MILLIONS of pounds need to be spent on bolstering York's flood defences, a new report has revealed.

A long-awaited draft Flood Risk Management strategy has finally been produced by City of York Council, in conjunction with key partners including the Environment Agency and Yorkshire Water.

It proposes a list of measures including schemes to improve defences along the River Ouse and River Foss, such as upgrades to the Foss Barrier pumps, the renovation of flood gates and improvements to existing flood banks.

It also suggests measures to help prevent surface water flooding, including ensuring that planning decisions properly address all aspects of flood risk and that surface water flows are managed and controlled in a sustainable manner.

The strategy, which will be taken to a Cabinet meeting next week for approval to take to consultation, follows the severe floods in 2007 across the UK, including York, which affected over 55,000 homes and businesses causing over £3billion worth of damage nationwide.

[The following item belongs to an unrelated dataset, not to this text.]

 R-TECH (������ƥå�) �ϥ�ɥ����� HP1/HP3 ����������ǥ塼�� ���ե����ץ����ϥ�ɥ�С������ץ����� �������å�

The Flood and Water Management Act of 2010 gave the council major new responsibilities and local flood risk management duties.

Cabinet member Cllr Dave Merrett said the strategy was an important next step in planning how flood risk in York could be addressed, adding:"It highlights the challenge we face but also the need for significantly more investment at a national level to help tackle this issue.”

Proposed spending includes an estimated £2 million on an upgrade of the Foss Barrier and pumping station, which protects thousands of properties alongside the River Foss by preventing floodwaters from backing up the river from the Ouse.

Another £3.5 million is needed for an appraisal and replacement of the Burdyke and Holgate pumping station, £1.5 million for the restoration of the Clifton Ings barrier bank and £5 million on developing and delivering a range of measures to reduce the impact of flooding in unprotected areas of York, such as Bishopthorpe, Acaster Malbis, Fulford, Clementhorpe, Naburn, Kings Staith and Tower Street and Nether Poppleton.

The report says close working and coordination is required between the council and the Environment Agency, and there needs to be work with residents and businesses to deliver "collectively funded protection measures."

Almost half a million pounds a year also needs to be spent on a maintenance programme for existing defences and upstream management.